=== Data extract ===

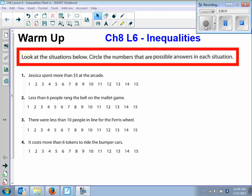Chapter eight, lesson six is inequalities. In the warm-up, it says look at the situations below, and we want to circle the numbers that are possible answers in each situation.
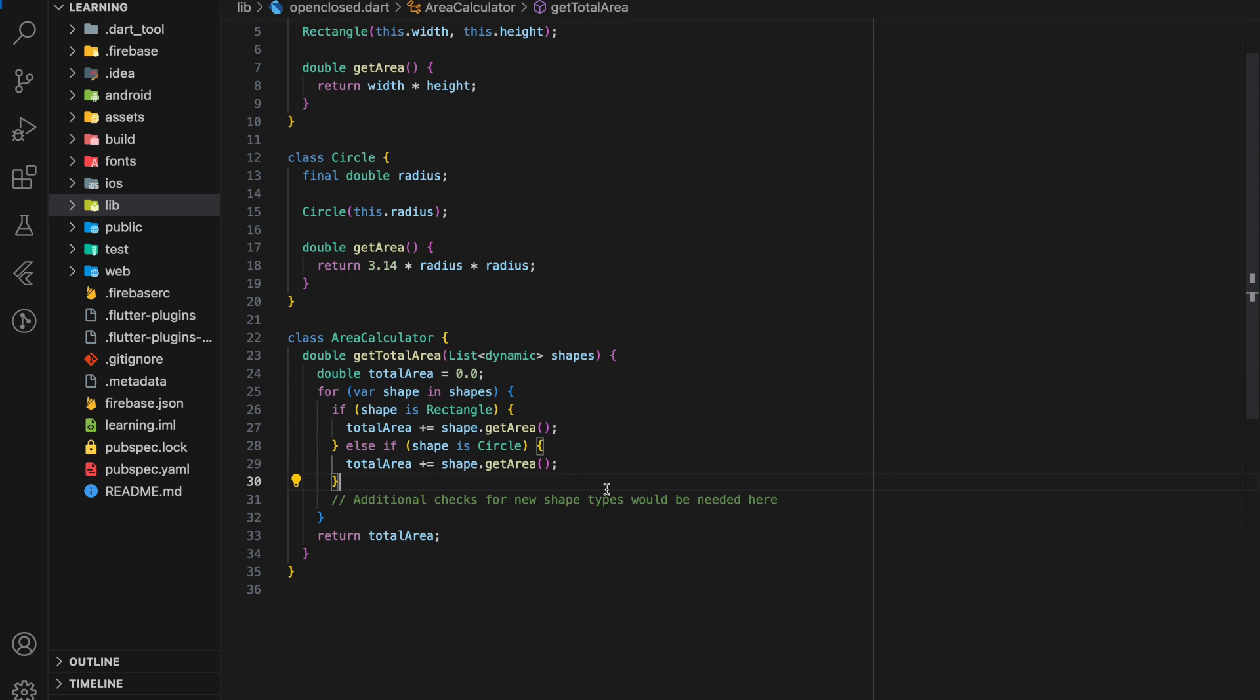This certainly violates open-close principle which stated that software entities, which in this example is the get total area function, should not be open for modification.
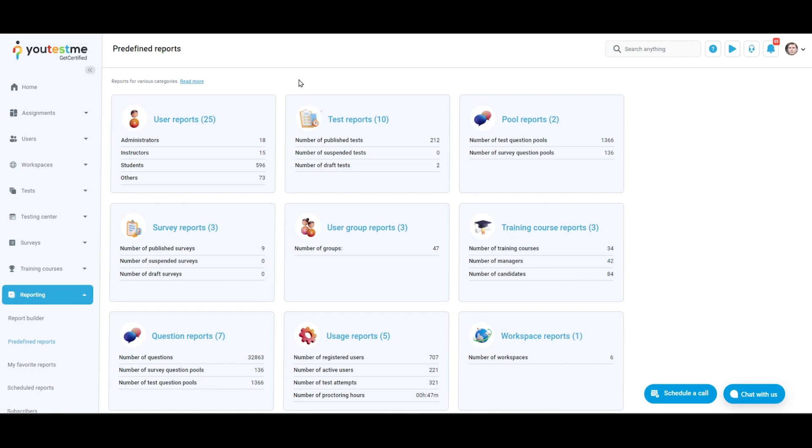Test reports provide detailed information about the various tests, including basic information, item reliability, status, pass rate, duration, results, and accommodations by status.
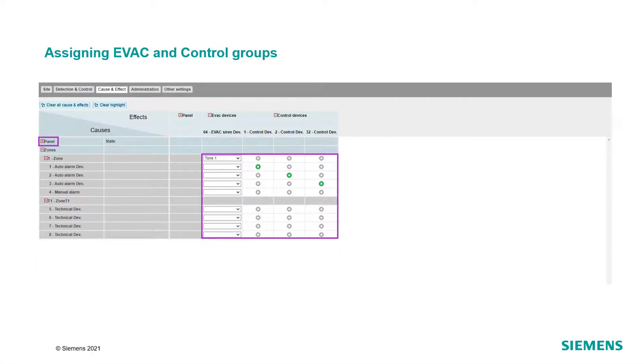Close the panel menu or scroll down to define single zones or devices to be assigned as a cause to each evac or control group.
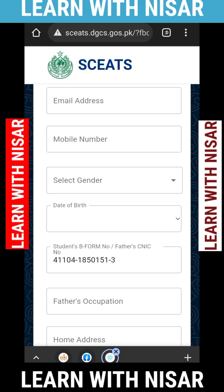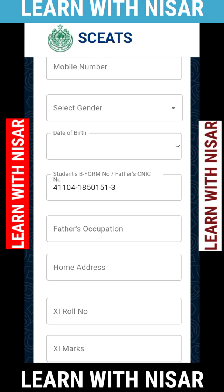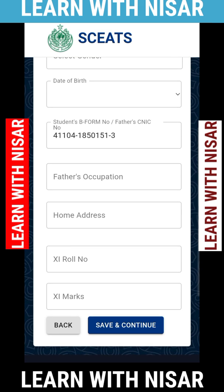I recommend creating a permanent email address specifically for admission and job purposes, and keeping your personal email separately. The form also asks about your father's occupation — for example, whether he is a tailor, landlord, or whatever his occupation is. You must provide that along with your home address.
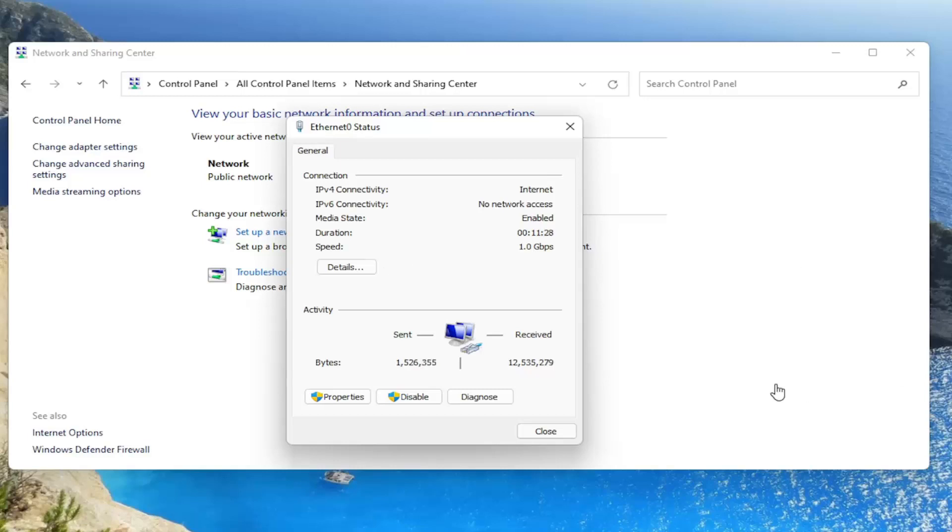A new window would appear where you would left-click on the Security tab. There'd be a Connection tab and a Security tab, and you would left-click on the Security tab.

===

Omit the pictures, then repeat exactly each line from the beginning of the listing through the line with "Close the panel".

**Finished exercise**
Chapter eight, lesson six is inequalities. In the warm-up, it says look at the situations below, and we want to circle the numbers that are possible answers in each situation.
This certainly violates open-close principle which stated that software entities, which in this example is the get total area function, should not be open for modification.
Test reports provide detailed information about the various tests, including basic information, item reliability, status, pass rate, duration, results, and accommodations by status.
Close the panel menu or scroll down to define single zones or devices to be assigned as a cause to each evac or control group.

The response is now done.